In March of 2007, I had the first of many heart events when my heart started to race out of control at work. By the time I reached the emergency room of a local Dallas hospital, my heart rate was 185. My diagnosis was an enlarged heart (cardiomyopathy) and a fatal arrhythmia (ventricular tachycardia). The pumping capacity of my heart (ejection fraction) was only 35% instead of the normal 65-75%. No wonder I was so tired all the time! Sadly, I ignored the classic heart failure symptoms, thinking I was just out of shape or working too much. I was only 50 years old.
My medical treatment over the next 18 months included multiple medications, two defibrillator surgeries and four cardiac ablations. The defibrillators were implanted to monitor the arrhythmia, delivering a shock to my heart if needed. The ablations were done to try and treat the arrhythmia, which continually made my defibrillator ‘fire’ and shock my heart back into rhythm. Part of my treatment was in a Houston hospital, via care flight.

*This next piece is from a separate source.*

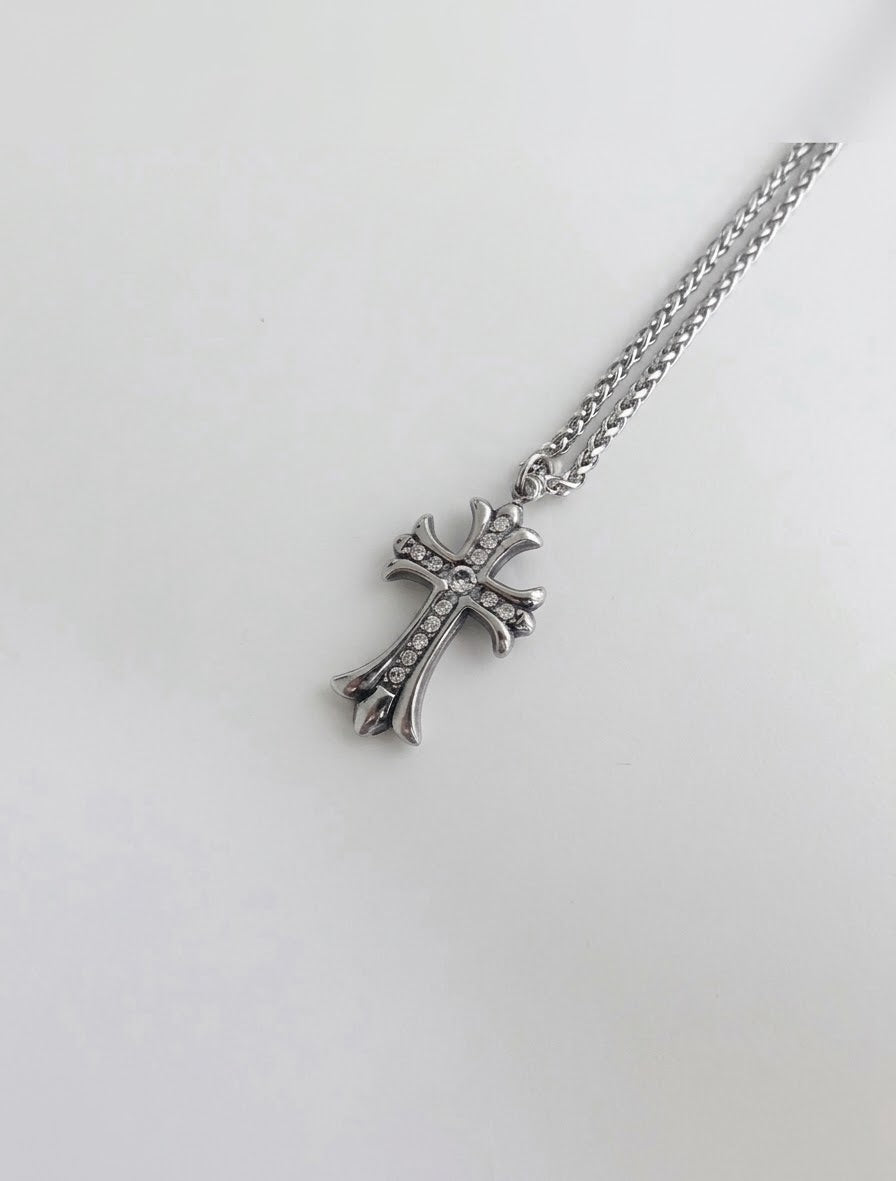 Silver surgical necklace (十字架)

Despite excellent medical care and the prayers of many, my condition continued to decline. The pumping capacity of my heart was now only 20% and I was pretty much immobile. My cardiologist informed me that I was not going to survive without a heart transplant, so I was transferred to another Dallas hospital for evaluation. Thankfully, I was accepted and placed on the waiting list in October of 2008. I did not have much time left.
On the morning of November 7, 2008, we received a call that there was a heart for me! I was both relieved and sad at the same time. Happy because now I would have a second chance at life. I was sad for a yet unknown donor that had passed away, giving me life.
My donor, Catherine was only 23 and had not yet made a decision to donate her organs. Her mother and husband made that very difficult decision that would ultimately save my life. Catherine saved three other lives besides mine, by donating her lungs, liver and kidneys. Each year on the anniversary of my heart transplant, my husband and I place a dozen red roses on the altar of our church in her memory. We will always be eternally grateful for my precious gift of life.
I celebrated the 12th anniversary of my heart transplant last November and am doing great. Because of my donor hero, I am now a grandmother of two precious grandchildren! I am blessed to have been able to celebrate 12 more birthdays and wedding anniversaries with my beloved husband. I’m a musician, so I am enjoying playing oboe again for my church (recording right now because of Covid). Every moment of every day is a gift, and I try to live each day for both Catherine and me.
I am passionate about sharing my transplant journey with others and is just one of the ways I am giving back. Once the pandemic is over, I look forward to being able to do that again. It is my way of honoring my donor and her family for my second chance of living life to the fullest. Please consider becoming an organ donor!